HOMER, Ill. (WCIA) — Deer experts shed light on why deer mating season can be so dangerous for drivers.
Pam Leiter, an assistant director with the Champaign County Forest Preserve District, said in the fall, more drivers are out closer to dawn and dusk because the days are shorter and deer are more active because of mating season. Leiter said whenever it’s possible, drivers should turn on their high beams.
“Their eyes are adapted to the dark,” Leiter explained. “So, there’s a substance at the back of their eyes that reflects light so they can make the most of those low-light conditions at dusk and dawn, but that means it reflects the lights of the headbeams of your car.”

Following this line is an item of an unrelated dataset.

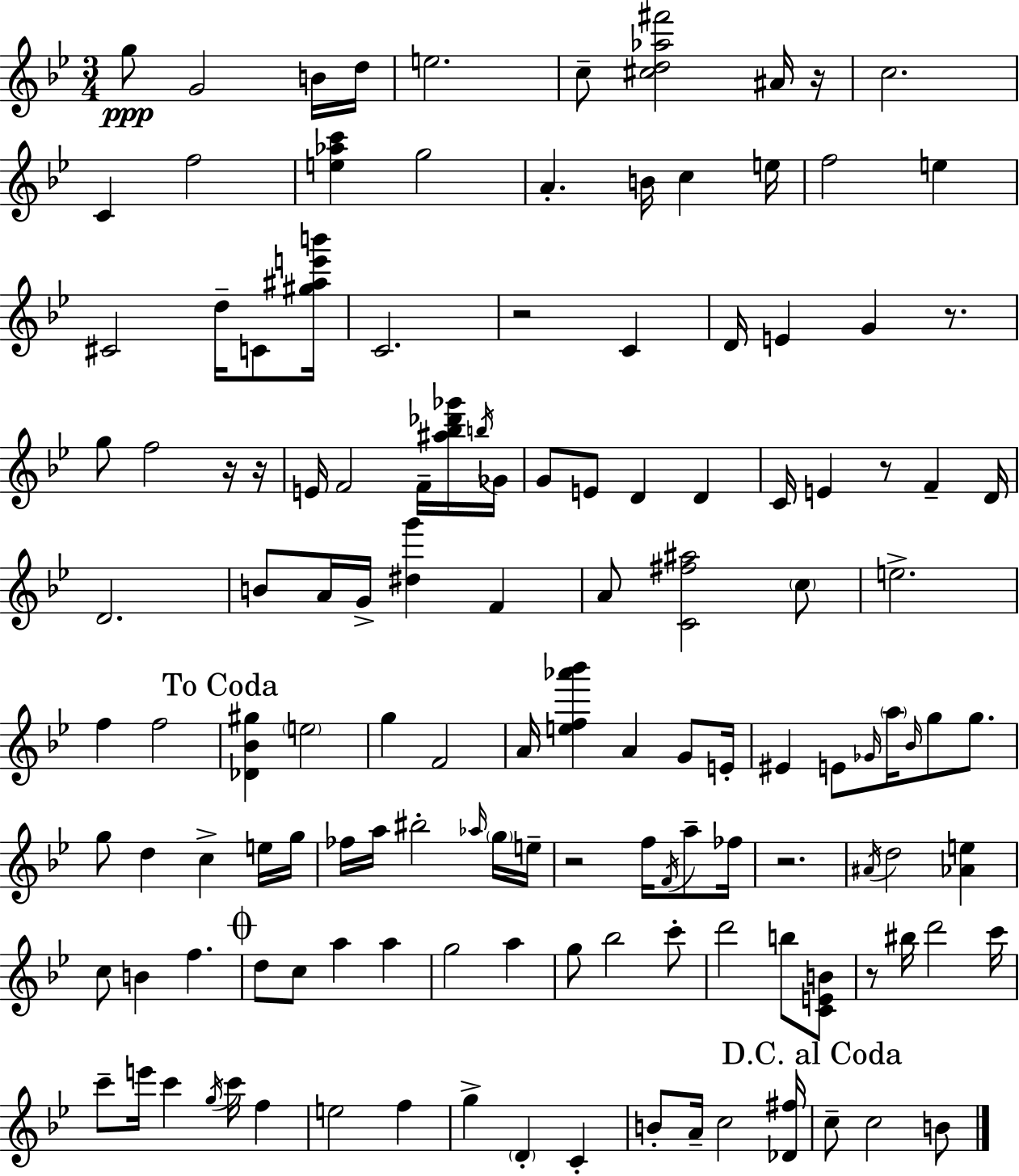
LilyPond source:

The Illinois Department of Transportation said more than 40% of deer-related car crashes happen in October, November and December, with November being the peak of the season. Out of roughly 15,600 deer-related crashes in 2018, IDOT said nearly 90% happened in rural areas.
“In general, we find that in the cooler months of the year, there will be pretty large herds in the farm fields right outside of Homer Lake Forest Preserve, maybe 20 to 30 deer or so,” Leiter said. “So, if you have a farm field right near a wooded area, deer will tend to stay in the wooded area during the day, and travel to the farm fields to feed at dawn and dusk. So, they’re crossing that road a lot and making that transition.”
Leiter also wanted drivers to remember deer travel in herds, meaning if you’ve seen one, more are likely on the way as well.